Le constat est patent, le poisson se fait,
ces derniers temps, très cher. A leur retour au port, les chalutiers les plus
chanceux n'en déchargent qu'à peine une dizaine de cageots. La sardine, quant à
elle, a carrément disparu sur les étals. La production halieutique, notamment
la pêche au chalut, est à la peine. La malchance ne semble pas ainsi épargner
les marins pêcheurs. Après moult difficultés rencontrées durant toute l'année
(aléas de la nature, pannes techniques…), voilà qu'un autre phénomène, pas tout
nouveau mais moins fréquent, vient se mêler à l'origine de cette sous-pêche. Le
phénomène est, semble-t-il, observé sur tout le littoral témouchentois. Cette
fois-ci, la malchance s'appelle la méduse. Dans le jargon des marins pêcheurs,
on l'appelle «El Morka». Un animal marin invertébré qui a la forme d'une cloche
ou si on veut d'un parapluie. Pour ceux qui n'en connaissent rien des méduses,
ce sont des animaux composés de 98% d'eau.
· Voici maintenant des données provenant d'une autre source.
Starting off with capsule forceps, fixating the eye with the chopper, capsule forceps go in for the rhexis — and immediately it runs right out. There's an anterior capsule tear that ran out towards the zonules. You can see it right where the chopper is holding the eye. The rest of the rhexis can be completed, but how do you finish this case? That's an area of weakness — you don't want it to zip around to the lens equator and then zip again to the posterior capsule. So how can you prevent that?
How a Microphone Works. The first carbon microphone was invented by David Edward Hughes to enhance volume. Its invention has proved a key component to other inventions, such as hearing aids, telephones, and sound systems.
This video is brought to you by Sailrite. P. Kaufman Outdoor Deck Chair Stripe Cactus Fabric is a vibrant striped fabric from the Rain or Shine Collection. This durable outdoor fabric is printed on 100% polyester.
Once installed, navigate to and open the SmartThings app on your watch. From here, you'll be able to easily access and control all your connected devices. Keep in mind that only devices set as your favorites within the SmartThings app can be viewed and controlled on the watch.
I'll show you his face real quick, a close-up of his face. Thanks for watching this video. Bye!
Les méduses appartiennent au groupe
des cnidaires. Elles habitent toutes les mers et tous les océans.
Il
existe plusieurs espèces de méduses. Mais l'espèce la plus rencontrée chez nous
est la Pelagia noctiluca. Cette espèce cosmopolite prospère bien sur les
littoraux rocheux. Cette méduse, qui atteint 10 cm de diamètre, est
particulièrement urticante. Ses 8 tentacules sont très extensibles.
La
méduse est difficile à repérer dans l'eau, parce qu'elle est transparente. A la
nuit tombée, les méduses remontent à la surface pour se nourrir. La durée de
vie de la méduse est de l'ordre d'une année. Elles sont alors à la merci des
courants et du vent qui peuvent les rabattre par milliers vers le littoral. La
reproduction de ces invertébrés s'effectue en deux phases successives.
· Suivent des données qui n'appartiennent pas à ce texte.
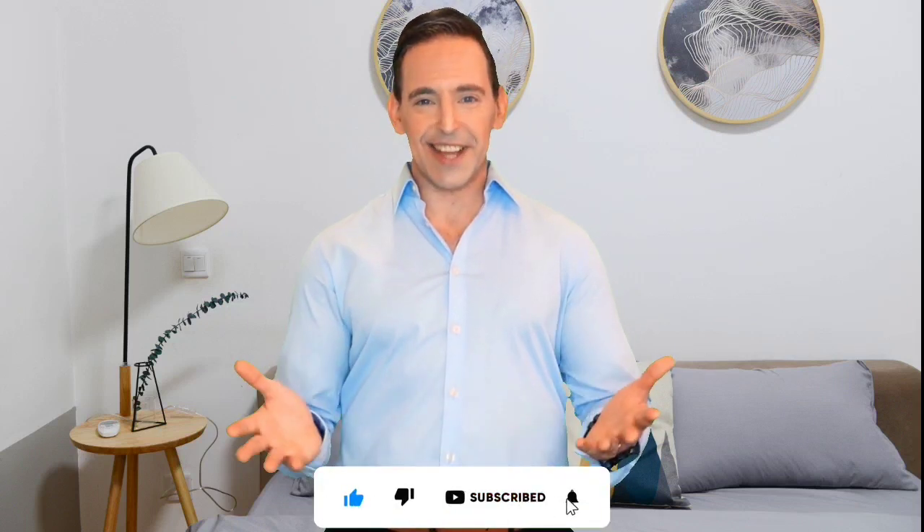Hi! If you are new here, then we welcome you to 5 Best Lists. In this channel, we feature only the best and the latest everything that has to offer. To save your time and make your purchase decision easier, in this video we picked only the best items for you. We tested many of them before making this list, so if you choose from here, you can be rest assured that you are buying the best product. Check the description below for product links and updated prices. Also, don't forget to subscribe to our channel. So let's get started!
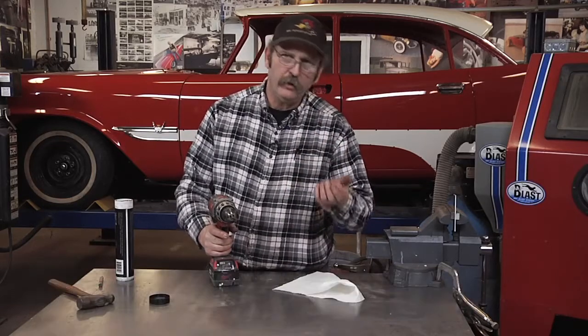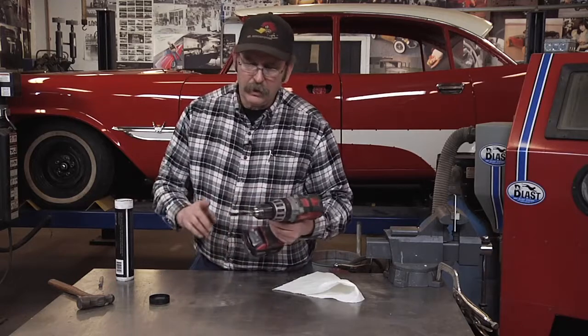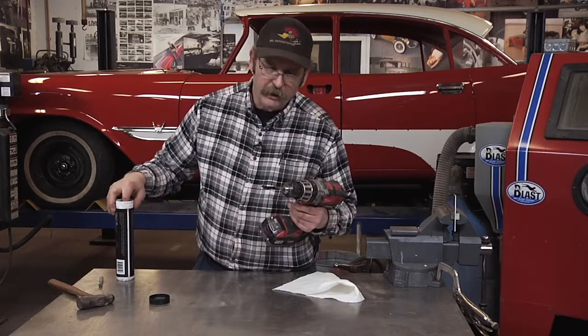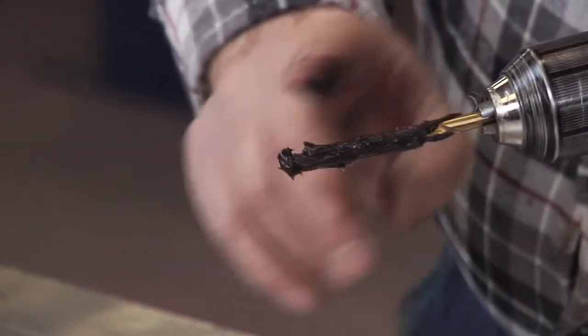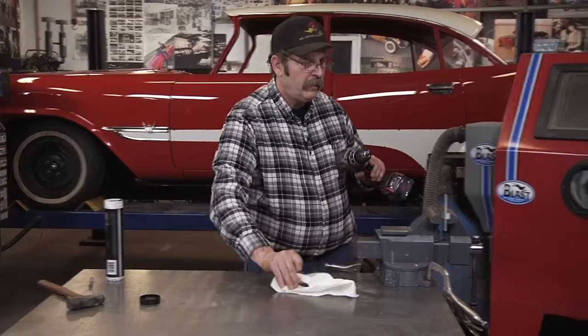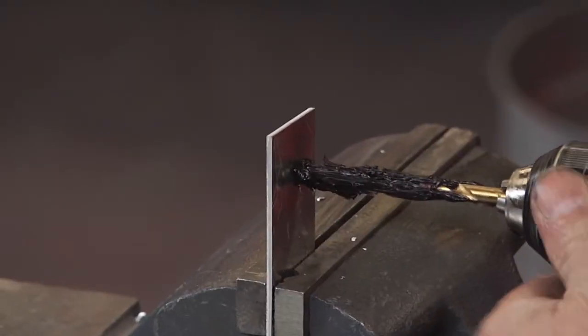Sometimes you'll need to drill a hole without having the shavings either fall on paint or into an intake manifold or somewhere else. A good tip to prevent the shavings from ending up all over the place is to grease the drill bit with a nice heavy based grease. Then that will catch the shavings as you're drilling.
Mais cette fois-ci, ce n'est pas apparemment sa période, du moins
elle est en légère avance. Elles prolifèrent très rapidement. Les pullulations
de méduses entraînent la baisse des prises lors de pêche au chalut. Les méduses
se nourrissent de larves et alevins de poissons. Ce qui peut fortement
provoquer la diminution des populations de poissons pélagiques à long terme au
sein d'une zone contaminée par de telles invasions. Djillali, un vieux briscard
des mers n'en revient pas: «J'ai rarement vu, comme cette année, les méduses
aussi nombreuses. On a été obligés d'observer un repos en
attendant qu'elles disparaissent. Depuis plus d'une semaine, le bateau n'a pas
quitté le quai. Généralement, les méduses sont emportées par les courants
marins sinon elles meurent mais cela peut prendre plusieurs semaines, voire des
mois. Certaines zones de pêche, à l'ouest surtout, sont moins peuplées par les
méduses mais toujours est-il qu'elles continuent d'empoisonner la vie des
marins pêcheurs en perturbant la pêche. Pour les sardiniers, je ne vous dis
pas, ajoute Djillali, ce sont les plus grands perdants.
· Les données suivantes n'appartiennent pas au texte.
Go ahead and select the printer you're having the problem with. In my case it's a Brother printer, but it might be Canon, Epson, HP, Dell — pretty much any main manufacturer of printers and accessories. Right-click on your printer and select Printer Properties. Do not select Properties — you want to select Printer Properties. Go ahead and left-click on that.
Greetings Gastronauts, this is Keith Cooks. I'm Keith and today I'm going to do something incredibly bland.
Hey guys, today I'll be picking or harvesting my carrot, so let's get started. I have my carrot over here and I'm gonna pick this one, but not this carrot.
Alors, le clair de lune et la méduse, malin celui qui ramène un
poisson. Il est ensuite relayé par Abdelkader, un autre marin pêcheur: «Tu ne
peux même pas faire le tri des poissons tellement elles vous collent aux mains
et encore qu'il faudrait faire attention à sa piqûre. Un autre problème demeure
lors des récupérations des prises par filets, un grand nombre de méduses
peuvent s'y empêtrer, écrasant et intoxiquant ainsi les poissons comestibles se
trouvant en dessous, faisant diminuer la valeur marchande des prises. «Le
poisson, la sardine surtout, quand il s'est mêlé à la méduse, perd un peu de
son goût.
Il
a un arrière-goût plutôt saumâtre». Il arrive même que les mailles des filets
soient obstruées et il faudrait constamment les nettoyer. Cependant, si les
scientifiques trouvent des explications à cette invasion, il n'empêche qu'ils
en incombent la responsabilité à l'homme. Et il va sans dire qu'il est
également la première victime. Car une cohabitation avec la méduse risque de
tourner à l'avantage de cette dernière.
Et
pour en savoir plus, nous avons consulté un océanologue : Plusieurs facteurs
sont la cause de cette invasion qui demeure sur toutes les mers du monde. Tout
d'abord, les changements climatiques influent directement sur la surpopulation
des méduses. Les changements climatiques, la surpêche et les rejets toxiques ne
déciment absolument pas les populations. Au contraire, ces facteurs concourent
à la prolifération des méduses, à tel point que, d'ici quelques années, nos
mers risquent de se vider.
Les
méduses sont des carnivores à l'appétit insatiable. Si cette prolifération
persiste, elle mettra rapidement en danger toute la biodiversité. En
Méditerranée par exemple, la disparition de nombreux animaux prédateurs, comme
les tortues marines et les thons, principaux mangeurs de méduses, en serait une
des causes principales de cette invasion. Même le tourisme peut en souffrir.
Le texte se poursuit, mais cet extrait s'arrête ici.